Overflowing chapters, maximum content
Characters are just the focus of chapter one, but but book rolls on from there with ‘Teams’, ‘Locations’, ‘Science and Magic’, ‘Key Events’, and a thrilling Index. And each one of those chapters has just as much, if not more, information shoveled onto its pages.
Spy Soldiers for instance, is just two pages long, but has listings for SHIELD, Phil Coulson, Deathlok and more. In the Teams chapter, you’ll find info on groups like the Sinister Six, the X-Men (yes, they’re in here), and the FF (yes, they’re here too). But you’ll also be able to dug up little known facts on teams like MI-13, The Legion of Monsters, and the Lethal Legion.
If all of this sounds really cool, that’s because it is. I’ve been a Marvel Comics fan since the 80s and I know a ton of stuff about the publisher’s fictional universe, but there’s plenty here for even me to enjoy. It’s just a ridiculously deep trip through one of the biggest and longest running universes in pretty much any medium. Quite frankly, it must have been a feat and a half to assemble. Maybe that’s why it took a team of three to put together.
Of arc reactors and adamantium
Adam Bray, Lorraine Cink, and John Sazaklis know their stuff, and that’s probably putting it mildly. The three are the minds behind Marvel Absolutely Everything You Need to Know, and they’ve done a fantastic job here. As I mentioned above, the book goes deep on just about every hero and villain that you can think of. And does so in style.
The press release says that they aimed for a ‘comic book’-type layout for the book’s pages and it comes across. Each page is laid out in a shockingly orderly manner. One that’s easy to follow despite being so encumbered with info.
They should know what they’re doing though, given their backgrounds. Bray has crafted tomes like this before. He worked on DK’s Star Wars line, while Cink is a web-host for Marvel Comics itself and expert in all things House of Ideas. As for Sazaklis, he’s just a best selling author, Spider-Man illustrator, and worked with MAD Magazine. You know, no biggie.

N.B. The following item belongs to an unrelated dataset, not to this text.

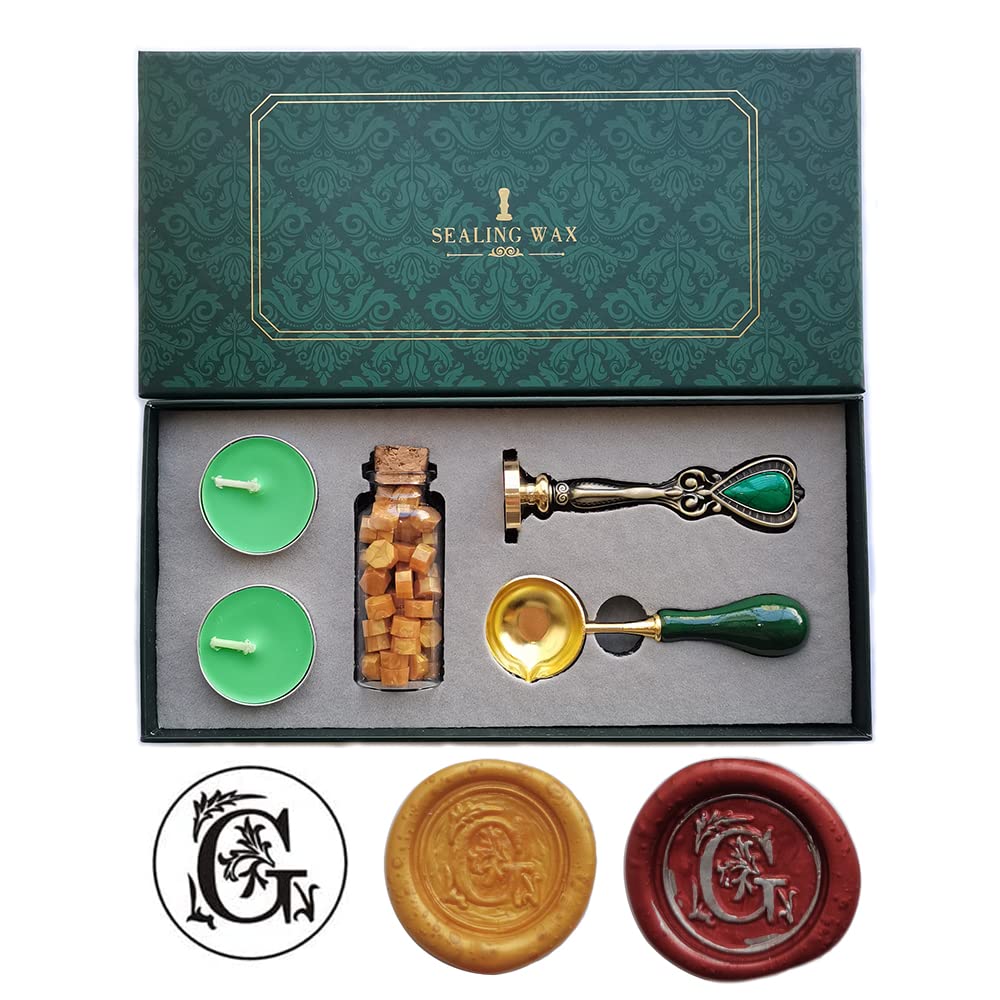 YOSENLING Fancy Letters G Wax Seal Stamp Set - European Style Personalized Wax Seal Stamp Kit Gift Box Set for Letter Cards Invitations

Lavishly illustrated in the Marvel style
Being that this is a book about Marvel Comics, you might be wondering about the art. Well, it’s awesome, but as usual with a book like this, it’s not original. Now, I realize that to have original artwork created for this kind of project would be a monumental effort, but I think it’s worth pointing out.
That’s not to say that there isn’t fun to be had in the visuals here though. Quite the opposite actually.
Inside Marvel Absolutely Everything You Need to Know you’ll find work from some of the greatest artists of all time, all laid out next to the facts and blurbs and features that accompany every entry. Again, the book has a nice flow to it, that had to have been hard to pull off.
Even so though, there is one thing that I didn’t really care for. Before each section, there’s no index. Yes, I know I said there was one earlier in the article, but that’s the problem. There’s one index, and it’s at the rear of the book, Table of Contents style. This isn’t the end of the world by any stretch, but it’s a little bit aggravating for something as loaded as this.
If I flip to the Teams section, I want to be able to simply read what teams are in its pages and then head to the one of my choosing. Instead I have to go to the back go the book and look it up alphabetically in one big list. It’s a little annoying. It’s not super-horrible, and it doesn’t ruin the experience, but it’s annoying nonetheless.
Still though, If I had to get that nitpicky to find something wrong with this one, well that should tell you something.